Essentially, according to shareholder Vivendi and Mr de Puyfontaine, the Board is alleged to have:
(i) executed an unwarranted impairment test process which allegedly resulted in an equally unwarranted writedown of goodwill for a grand total of 2 billion euros in the interim report on operations at 30 September 2018;
The reasons for this have already been published and the process was signed off by loads of expert third parties. Furthermore the decision was overwhelmingly approved by the board, including Amos Genish.
(ii) utilised the circumstances that led to the impairment to revoke the powers assigned to Mr Amos Genish;
He was doing a rubbish job and there’s loads of evidence to prove it.
(iii) breached the rules of governance in the process that led to the aforementioned revocation;
He was doing such a rubbish job that we couldn’t waste any time in replacing him as CEO.

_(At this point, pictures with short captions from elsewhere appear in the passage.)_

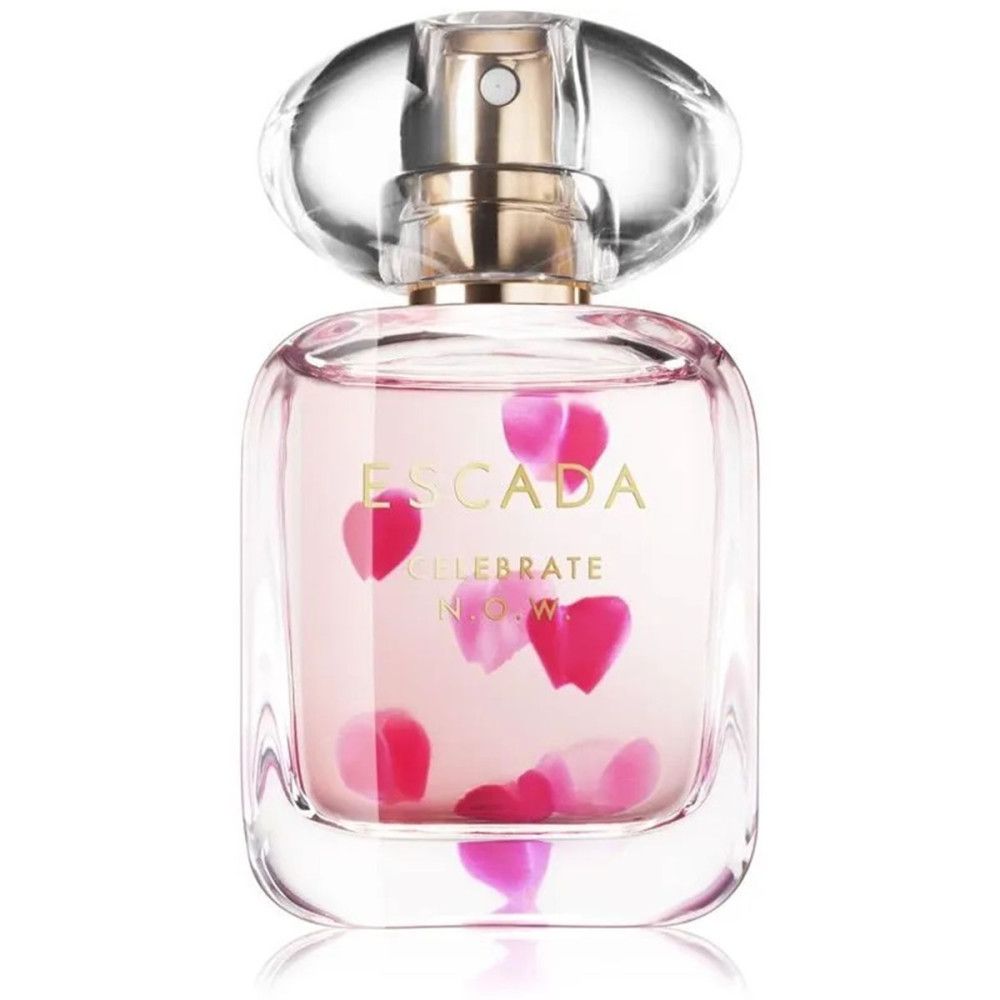 Escada Celebrate Now Eau de Parfum Spray in een glazen fles met bloemblaadjes.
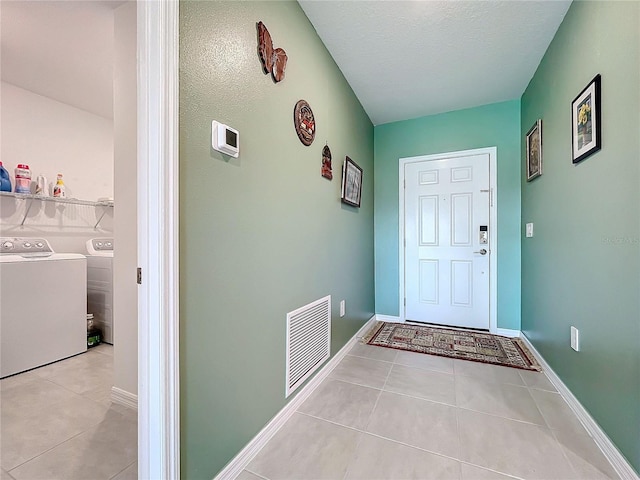 doorway to outside with washer and dryer, a textured ceiling, and light tile patterned flooring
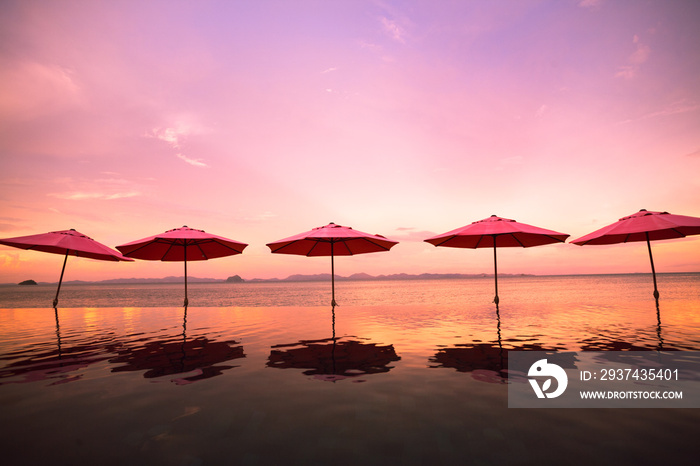 row of umbrella reflected in swimming pool next to beach in twilight, sweet color tone, vanilla sky 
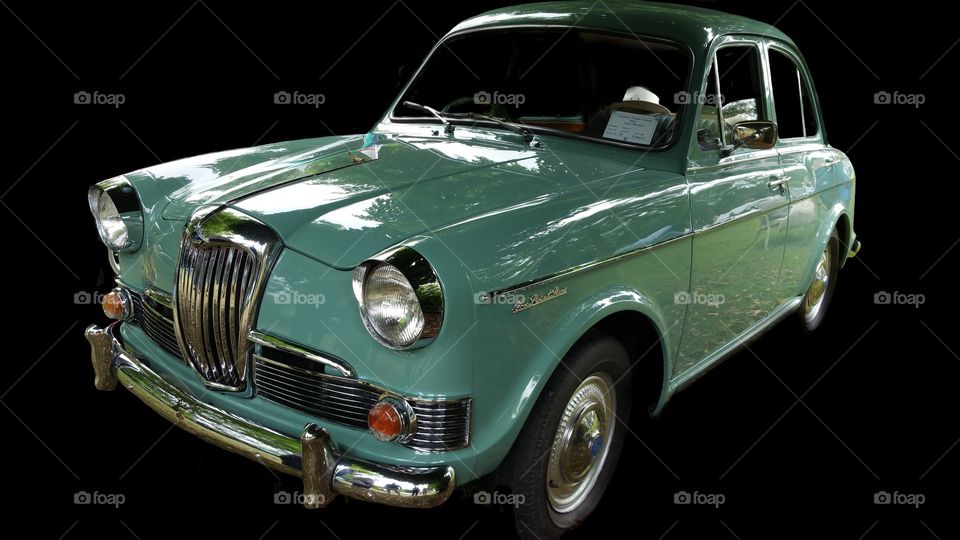 1962 vintage Riley isolated on black

Successor	Riley Kestrel/Wolseley 1100/1300
The Riley One-Point-Five and similar Wolseley 1500 are automobiles which were produced by Riley and Wolseley respectively from 1957 to 1965. They utilised the Morris Minor floorpan, suspension and steering but were fitted with the larger 1489 cc B-Series engine and MG Magnette gearbox. The two models were differentiated by nearly 20 hp (15 kW), the Riley having twin SU carburettors giving it the most power at 68 hp (50 kW). The Wolseley was released in April 1957 and the Riley was launched in November, directly after the 1957 London Motor Show.

The Series II was released in May 1960. The most notable external difference was the hidden boot and bonnet hinges. Interior storage was improved with the fitting of a full width parcel shelf directly beneath the fascia.

The Series III was introduced in October 1961, featuring revisions to the grille and rear lights.

In October 1962 the cars received the more robust crank, bearing and other details of the larger 1,622 cc unit now being fitted in the Austin Cambridge and its "Farina" styled clones. Unlike the Farina models, however, the Wolseley 1500 and Riley One-Point-Five retained the 1,489 cc engine size with which they had been launched back in 1957.

Production ended in 1965 with 39,568 Rileys and 103,394 Wolseleys made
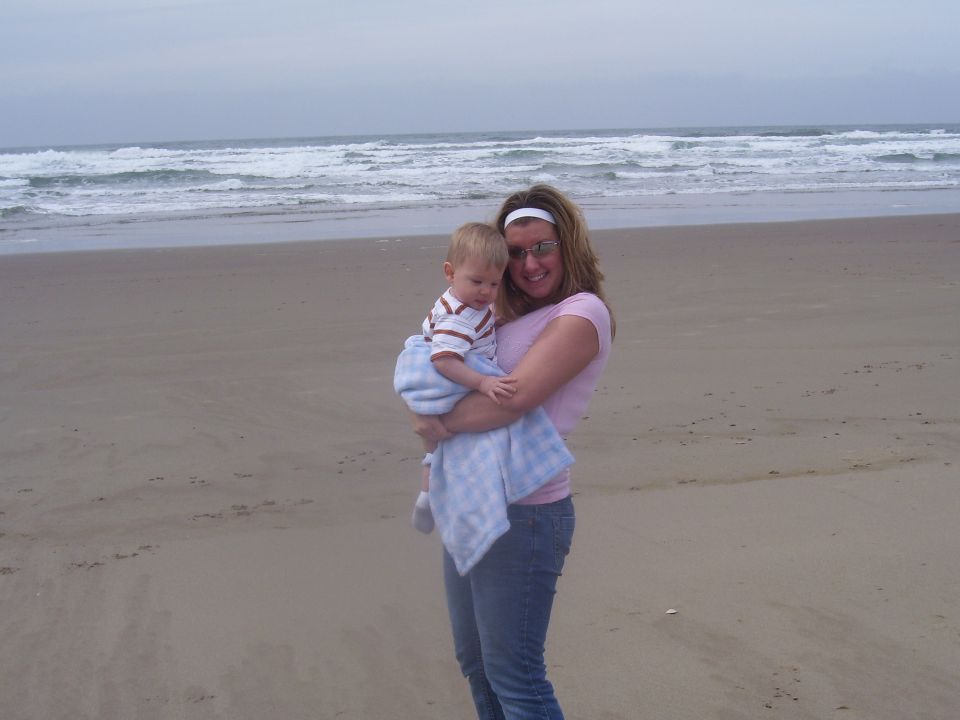 Woman holding a baby on a sandy beach with waves in the background. Watermark reads SUPERMOTORS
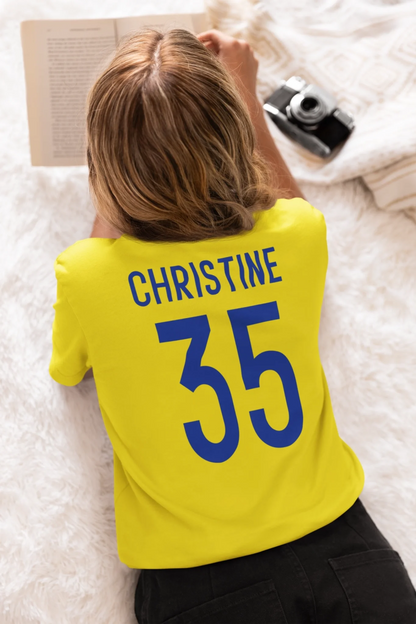 back-view-tee-mockup-of-a-woman-lying-face-down-while-reading-a-book-m37294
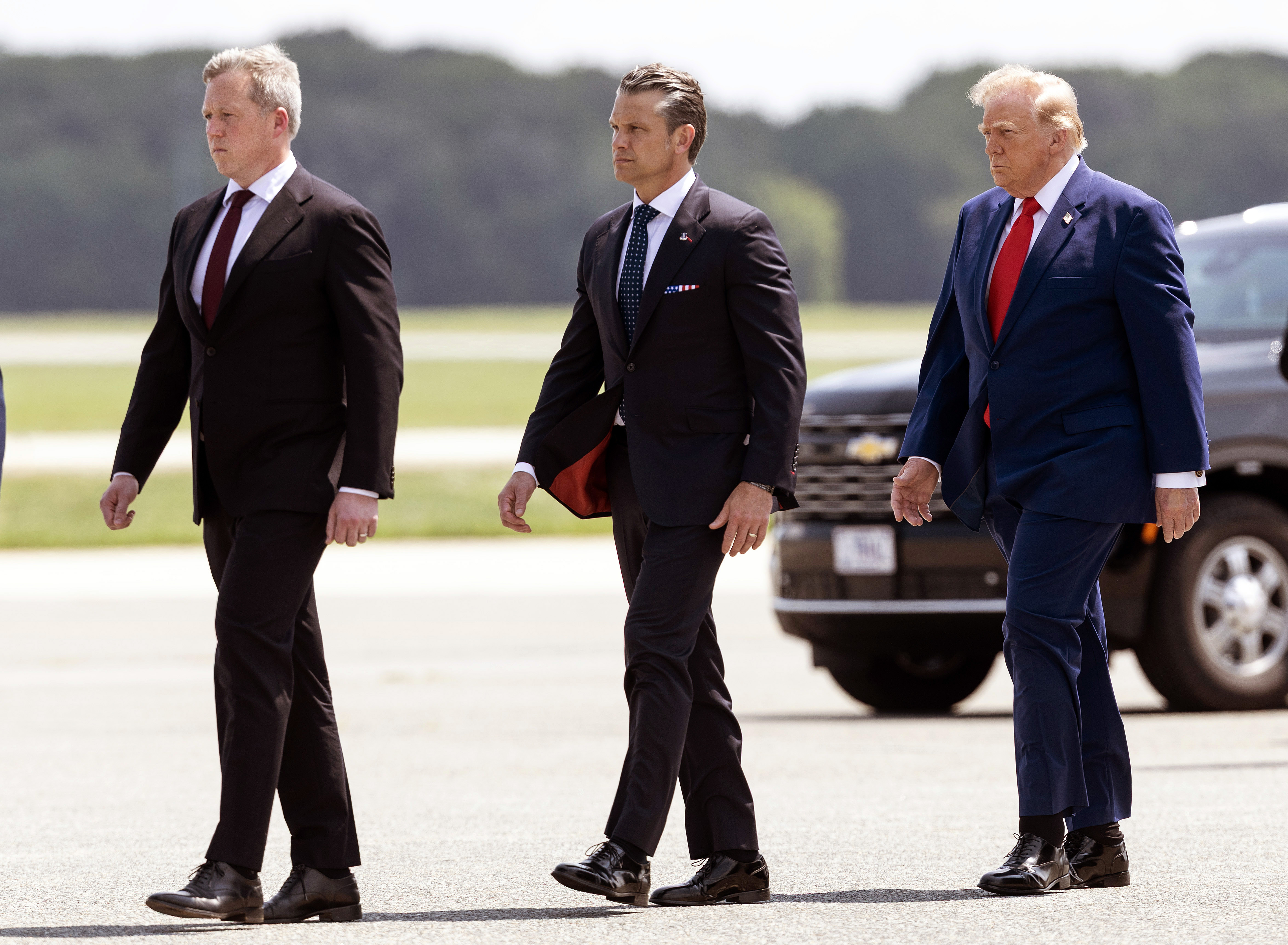 DOVER, DELAWARE - JULY 22: (L-R) U.S. Secretary of the Army Dan Driscoll, Secretary of War Pete Hegseth and U.S. President Donald Trump attend a dignified transfer at Dover Air Force Base for military casualties of the war with Iran on July 22, 2026 in Dover, Delaware. Army Secretary Dan Driscoll is stepping down from his post following weeks of tension with Hegseth, according to reports. (Photo by Kevin Dietsch/Getty Images)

(iv) breached the rules of governance in the process whereby powers were attributed to Mr Luigi Gubitosi;
See previous answer.
(v) breached the current regulations on the occasion of Vivendi’s request for a TIM shareholders’ meeting to be called to:
(a) appoint the external auditors for the period 2019-2027;
(b) revoke the mandates of five directors, in the persons of Fulvio Conti, Alfredo Altavilla, Massimo Ferrari, Dante Roscini and Paola Giannotti de Ponti, and
(c) appoint five Directors, in the persons of Franco Bernabè, Rob van der Valk, Flavia Mazzarella, Gabriele Galateri di Genola and Francesco Vatalaro, to replace those whose mandates were revoked;
We already addressed this. Everything was done by the book and loads of experts will back us up on that.
(vi) breached current law on the occasion of the announcement to the market of preliminary 2018 results below the consensus and prudent estimates for the first half of 2019, allegedly thus causing a fall in the share price, as well as a loss of trust among investors.
On the contrary the law obliged us to make that announcement.
The response concludes by noting, as it was bound to, that Vivendi’s accusations are groundless and everything the board’s actions have been exemplary and beyond reproach. Vivendi can’t have expected anything else, but at least it forced the board to explain itself fully ahead of the shareholder meeting at the end of this month. It will presumably spend the intervening time picking holes in it.